Pescador de apenas uma perna no lago  Inle. Crédito : Gemma Kentish
Pescador de apenas uma perna no lago Inle. Crédito : Gemma Kentish
Desde 1996, a Liga Nacional para a Democracia (LND) implementou um boicote do turismo, chamando os ocidentais à não visitar Mianmar e, portanto, não participar no financiamento do regime militar. No entanto, em 2010, com as novas reformas, o LND levantou seu boicote e começou a incentivar os turistas a virem, desde que evitassem pacotes turísticos que tinham tudo incluso - que beneficiam apenas as organizações governamentais, - e a tentarem fazer viver a econômia local.

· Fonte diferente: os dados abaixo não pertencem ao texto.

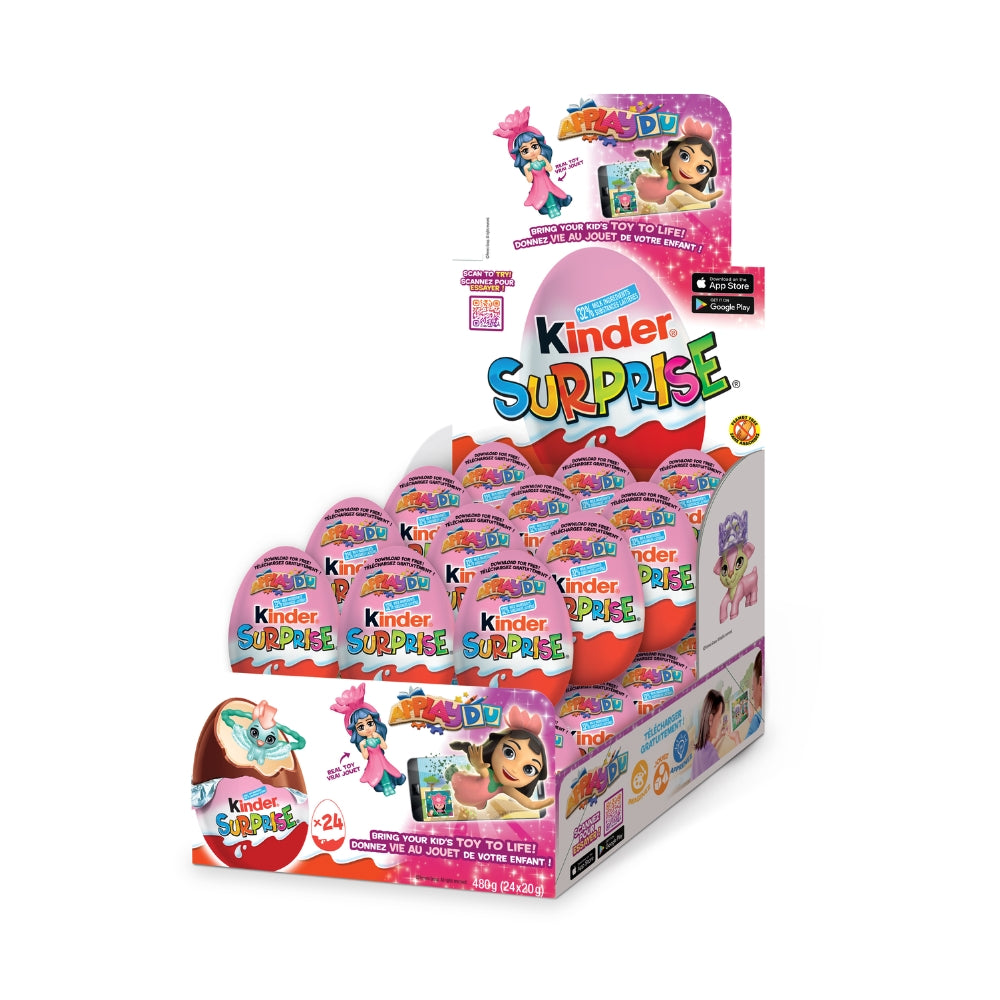 Kinder APPlayDU Pink 24/bx - Game Download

Templos em Bagan. Crédito : Gemma Kentish
Templos em Bagan. Crédito : Gemma Kentish
Myanmar é mais caro do que outros países do Sudeste Asiático. Impostos para os turistas estão em toda parte: para entrar em algumas regiões do país tem de pagar-se uma quantia em dólares americanos, que aumentou muito rápido. De acordo com o guia Lonely Planet, publicado final de 2014, você tinha que pagar 15 dólares para entrar na histórica cidade de Bagan. Seis meses após a publicação do guia, todas as taxas cobradas aos turistas aumentaram e os custos de entrada no Bagan é de 20 dólares. Custos compreensíveis, a fim de preservar o património do país, mas é inegável que o dinheiro vai diretamente para as mãos do governo militar.

Montanhas Rakhine Yoma. Crédito : Gemma Kentish
Montanhas Rakhine Yoma. Crédito : Gemma Kentish
A área de Bagan é muito bonita: depois de subir um pagode, podemos ver o horizonte, que revela uma longa série de templos antigos na planície. A partir deste ponto de vista, é fácil entender por que Mianmar é conhecida como a terra do ouro: sua atmosfera mística é, sem dúvida, enraizada no solo. Perto de Bagan, alguns albergues administrados por locais persistem, mas a construção de grandes estruturas para acomodar os hotéis de luxo se multiplicam. Estes serão concluídos em breve. O local, que sofre a globalização, em breve terá um fluxo considerável de turistas.

Uma manifestação pro-démocratica em Yangon. Crédito : Gemma Kentish
Uma manifestação pro-démocratica em Yangon. Crédito : Gemma Kentish
Em Yangon, uma manifestação estava prestes a se tornar violenta, uma semana após a rejeição no parlamento de um projeto de lei para alterar a Constituição atual para permitir que Daw Aung San Suu Kyi fosse presidente. Várias centenas de pessoas saíram às ruas para manifestar, pedindo a retirada dos soldados que tomaram um quarto dos assentos no parlamento, e bloquearam as reformas. Os manifestantes cercaram muitos líderes militares no meio da multidão, mostrando-lhes sempre a frustração com o governo atual.

Passeando pelas ruas de Yangon. Crédito : Gemma Kentish
Passeando pelas ruas de Yangon. Crédito : Gemma Kentish
Mianmar vê a pressão subir para cima do seu povo, que exige mais democracia, mas também continua a ser o palco de muitos conflitos violentos e tensões étnicas. O governo tem sido repetidamente criticado por violar os direitos humanos. No início deste ano, a situação dos refugiados muçulmanos Rohingya - de acordo com a ONU, a etnia mais perseguida no mundo, fez manchetes quando milhares deles tentaram escapar, buscando refúgio em de outros países do Sudeste Asiático. Outros grupos minoritários também sofrem, sofrendo uma perseguição violenta do regime militar, como os Karen e os Shan, muitas vezes esquecidos pela mídias ocidentais.

Monges boudistas em toda a cidade. Crédito : Gemma Kentish
Monges boudistas em toda a cidade. Crédito : Gemma Kentish
O turismo pode ser muito benéfico em Mianmar: Ele pode criar empregos, estimular o crescimento e o desenvolvimento econômico. No entanto, com o aumento do turismo, áreas anteriormente virgens serão transformadas, e inevitavelmente expostas. Além disso, com o regime militar que está no poder, a questão de saber para onde vão os impostos turísticos continua e prejudica o espírito dos turistas mais conscientes. Embora o governo planeje um ano rico de turismo para Mianmar em 2016, os problemas sociais e conflitos internos persistem, tendo risco de reduzir suas chances e explodir a indústria do turismo.